Let me fill you in on what I have done....

The speedometer stopped working on my car and the check engine light came on. I read the codes and got a 14 which is the vehicle speed sensor. I replaced the speed sensor and reset the computer. This did not fix the problem and the check engine light came back on and is still giving a code 14. I thought it might be a wiring issue so I traced the wiring back as far as possible in the engine compartment and it is good. I don't know what to do next. Any suggestions?? Thanks.


----------



## MyGreenMax94 (Dec 17, 2005)

It might be a bad instrument cluster...


How did you "reset" your computer?


----------



## stans96max (Sep 19, 2005)

I reset the computer by turning the screw on the computer counter clockwise all the way and waiting until the lights blinked 4 times and then turning the screw back clockwise.

Is it a common thing for the cluster to go bad?

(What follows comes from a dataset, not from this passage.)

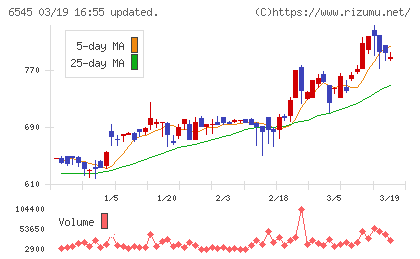 インターネットインフィニティーチャート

My tach still works as well as my cruise control. But the speedo and mileage doesn't. Would the cluster going bad cause a vehicle speed sensor code? Thanks for the help!


----------



## MyGreenMax94 (Dec 17, 2005)

stans96max said:


> I reset the computer by turning the screw on the computer counter clockwise all the way and waiting until the lights blinked 4 times and then turning the screw back clockwise.



Try resetting the ecu by removing the negative cable from the battery for about 15 minutes...


----------



## internetautomart (Mar 8, 2004)

there has been a case where the cluster was bad and it was killing the VSS every time it was being replced.


----------



## stans96max (Sep 19, 2005)

Is there a way to check the VSS? Can you check it using a voltmeter or measuring resistance?


----------



## MyGreenMax94 (Dec 17, 2005)

stans96max said:


> Is there a way to check the VSS? Can you check it using a voltmeter or measuring resistance?


----------



## stans96max (Sep 19, 2005)

Thanks. I'll test my VSS this afternoon. I replaced the insturment cluster and the new one is doing the same thing. I took my battery cable off for about 1 hour. After driving for 5 minutes with the new cluster, the check engine light came back on. My new VSS may be bad or could have been blown by a bad cluster. I hope this is the case because I really don't know what else could be wrong. I'll keep you posted.


----------